Nevertheless, the tottering Assad regime in Syria should counsel against making firm assumptions about the Kim regime’s durability. Having China as your ally and neighbour does help. But the contrast with China’s authoritarian political system is also telling. The strength of family dictatorships, you might think, is trust and the ability to concentrate power. But their weakness lies in their rigidity, and their need to keep rewarding other groups to maintain their grip — in Syria’s case the security services and the monopolist businessmen with whom the Assads have surrounded themselves, in North Korea’s case, the army — in ways that reinforce that rigidity.

China’s Communist Party last week celebrated its 90th birthday, prompting plenty of reflection on how long it, too, can survive in power. The key to its resilience, however, is that it is a system, not a family. There is plenty of corruption and cronyism, naturally. But during the 1980s and, especially, the 1990s, the party shed most of its dynastic ties to Mao’s Long Marchers and turned itself into a bureaucracy, with entrance exams and term limits that enforce rotation and keep something of a lid on corruption.

Most of all, the Communist Party has been flexible, allowing society and the economy to evolve around it. One day, the revolts against the party might become too much, especially if the economy turns sour. Some of the new team of leaders that will take over in 2013, including Xi Jinping, the next president, are the sons of Long Marchers. But as long as the party remains flexible, permitting China to evolve, the day of reckoning may well be staved off.

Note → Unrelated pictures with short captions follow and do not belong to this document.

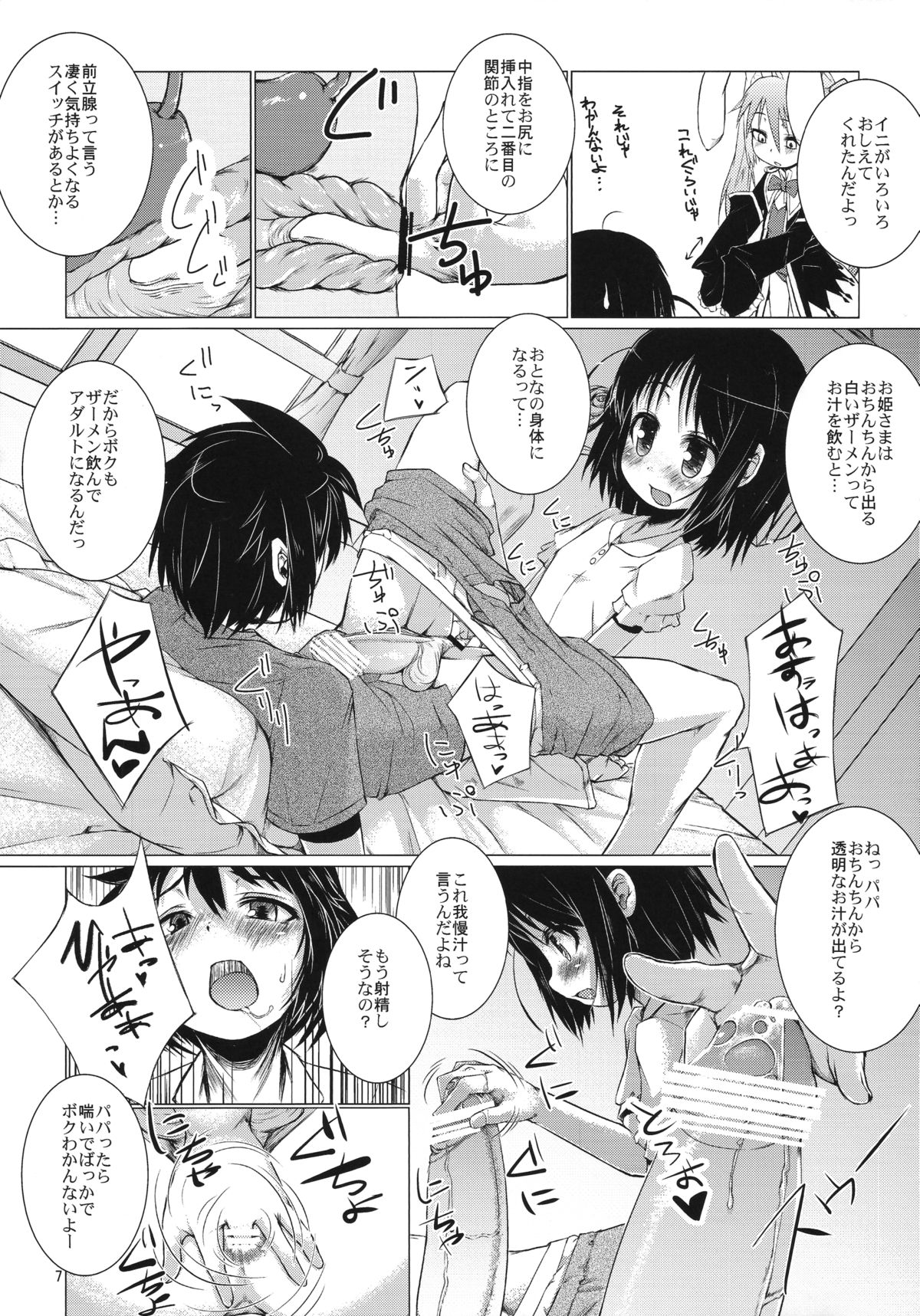 Asuha ni Oshiri Ijirareru Hon page 6 full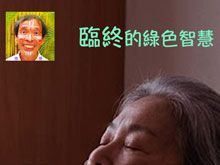 《綠色心靈力量》- EP386 臨終的綠色智慧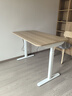 宜家（IKEA）BOLLSIDAN波席當(dāng)辦公桌電競(jìng)桌辦公寫字電動(dòng)升降桌家用 橡木紋/白色桌120x70cm 曬單實(shí)拍圖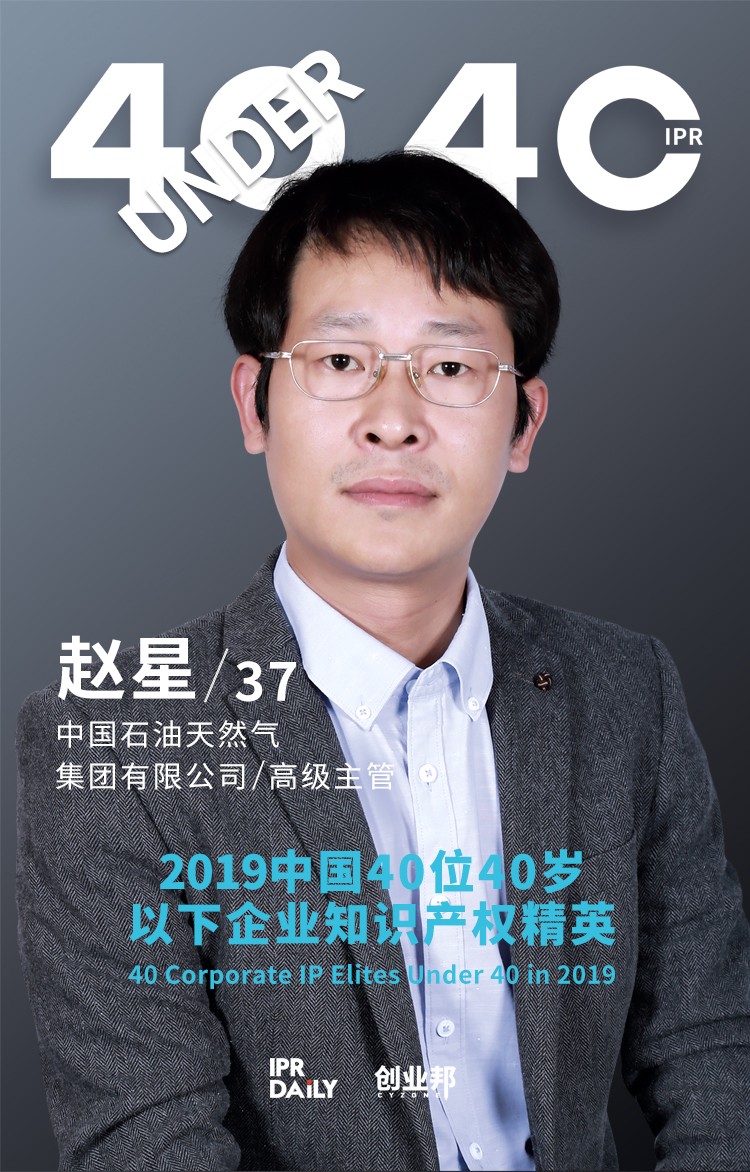 生而不凡！2019年中國“40位40歲以下企業(yè)知識(shí)產(chǎn)權(quán)精英”榜單揭曉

That is what neither Syria nor North Korea has allowed, albeit in their very different ways and circumstances. Every effort the Chinese have made to encourage the Kim regime to follow their example with economic reform has been rebuffed or quickly abandoned. Rigidity, strict control, cannot be relaxed. It has served the Kims well for more than 50 years. But, albeit in a less hermetically sealed country, rigidity and strict control served the Assads well for decades too. Not for much longer.